(Records contained in a dataset)
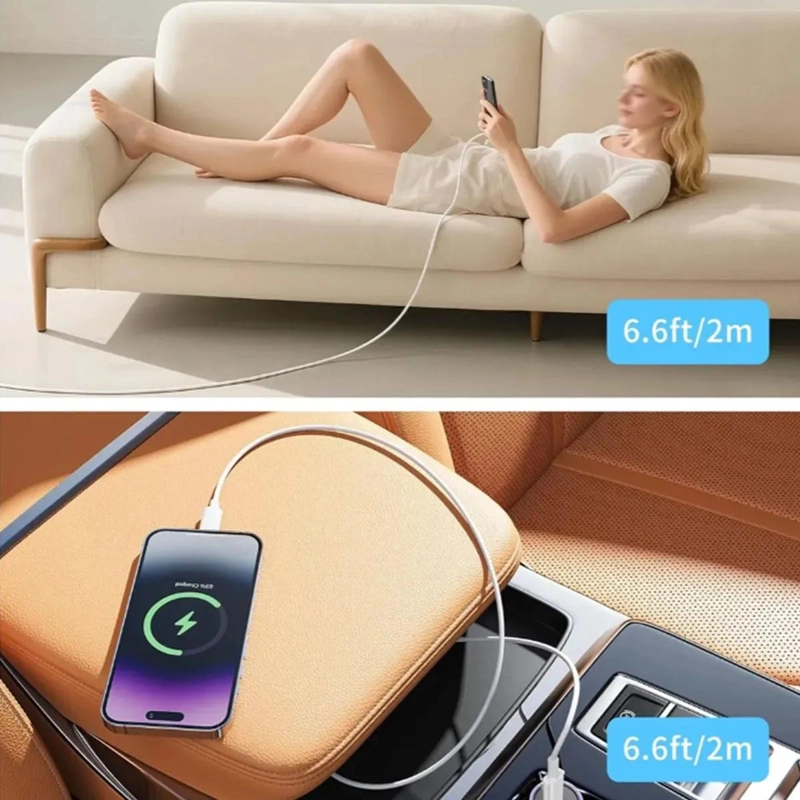 CABLE USB-C DE 2 METROS PARA CARGA RAPIDA Y DATOS - 7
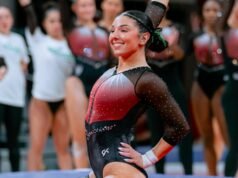 #22 Senam mencapai hasil terbaik musim baru di Towson Quad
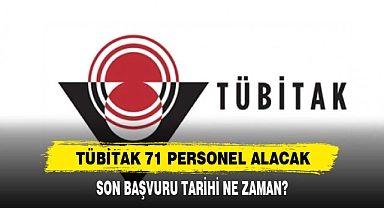 Tübitak 71 Personel Alacak
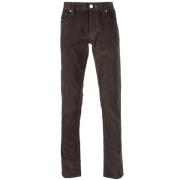 Leonardo Slim Fit Broek Tramarossa , Brown , Heren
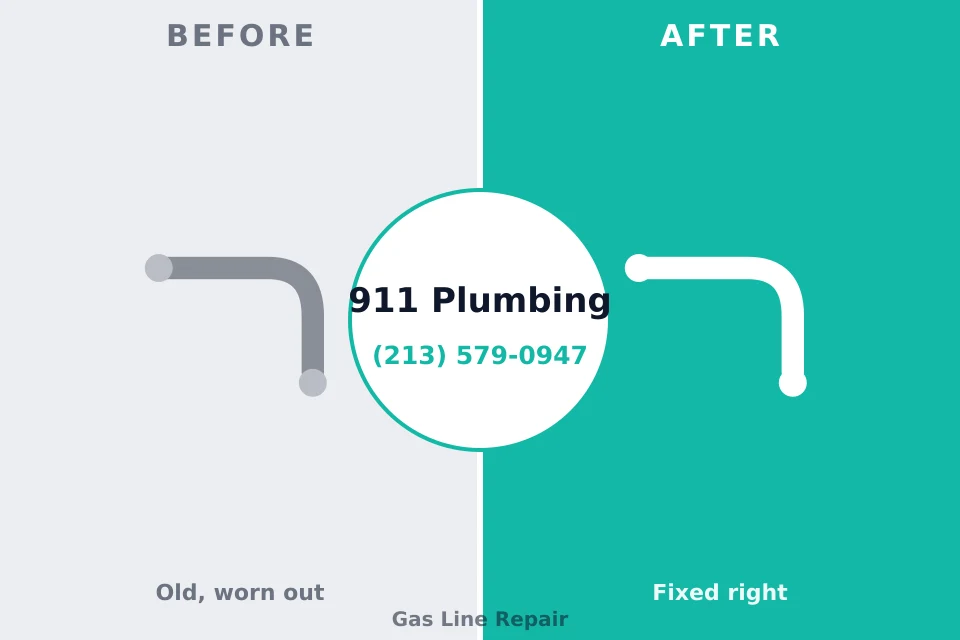 Before and after: plumbing repair Stony Creek Mills, PA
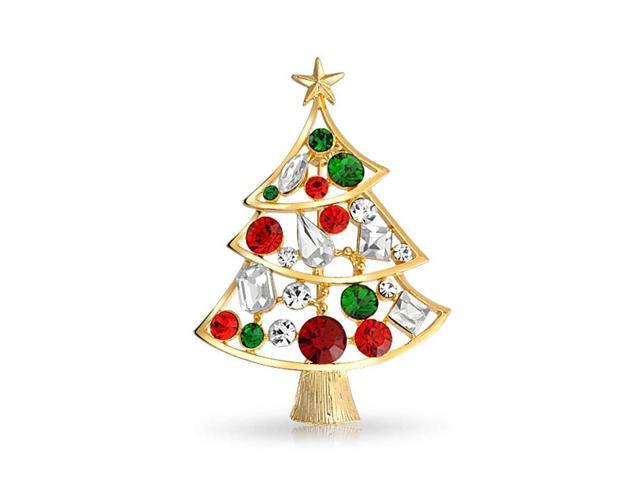 Bling Jewelry Christmas Gifts Christmas Tree Pin Green Crystal Gold Plated FAJ DBH00828 Bling Jewelry Christmas Gifts Christmas Tree Pin Green Crystal Gold Plated FAJ DBH00828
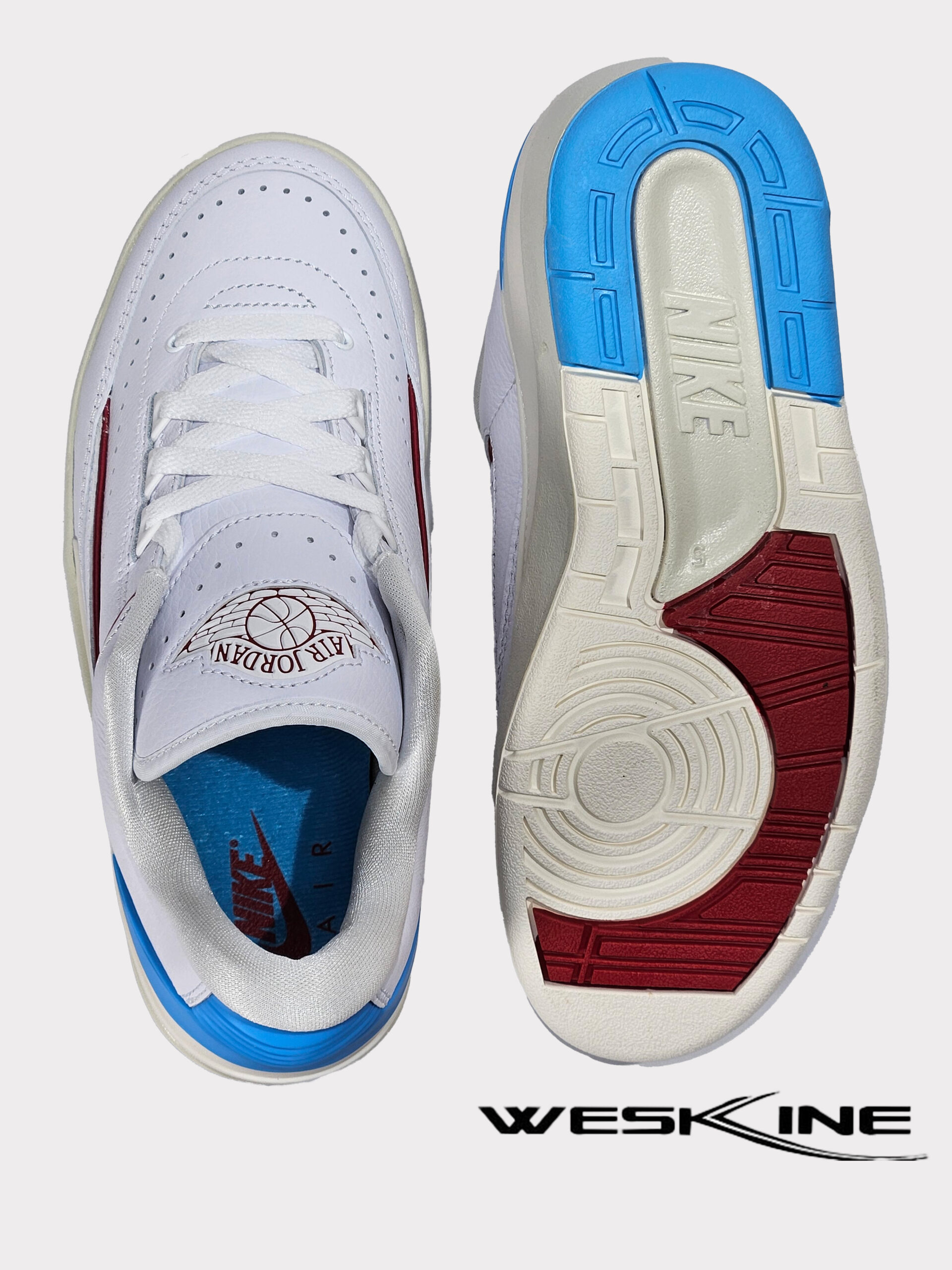 Air Jordan 2 Retro Low - White/Gym – Image 3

**Work task:** Leaving aside the images, write out the entries above word for word.

**Answer space:**
 CABLE USB-C DE 2 METROS PARA CARGA RAPIDA Y DATOS - 7
 #22 Senam mencapai hasil terbaik musim baru di Towson Quad
 Tübitak 71 Personel Alacak
 Leonardo Slim Fit Broek Tramarossa , Brown , Heren
 Before and after: plumbing repair Stony Creek Mills, PA
 Bling Jewelry Christmas Gifts Christmas Tree Pin Green Crystal Gold Plated FAJ DBH00828 Bling Jewelry Christmas Gifts Christmas Tree Pin Green Crystal Gold Plated FAJ DBH00828
 Air Jordan 2 Retro Low - White/Gym – Image 3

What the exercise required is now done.